=== Begin Enclosure ===
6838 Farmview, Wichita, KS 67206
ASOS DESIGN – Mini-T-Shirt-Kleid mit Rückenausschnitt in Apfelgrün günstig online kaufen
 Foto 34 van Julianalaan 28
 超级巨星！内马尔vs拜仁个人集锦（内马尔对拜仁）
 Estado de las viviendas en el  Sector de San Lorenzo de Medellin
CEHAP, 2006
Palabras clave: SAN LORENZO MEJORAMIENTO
=== End Enclosure ===
Task to carry out = Every line of the material must be returned exactly as it appears.

Expected answer =
6838 Farmview, Wichita, KS 67206
ASOS DESIGN – Mini-T-Shirt-Kleid mit Rückenausschnitt in Apfelgrün günstig online kaufen
 Foto 34 van Julianalaan 28
 超级巨星！内马尔vs拜仁个人集锦（内马尔对拜仁）
 Estado de las viviendas en el  Sector de San Lorenzo de Medellin
CEHAP, 2006
Palabras clave: SAN LORENZO MEJORAMIENTO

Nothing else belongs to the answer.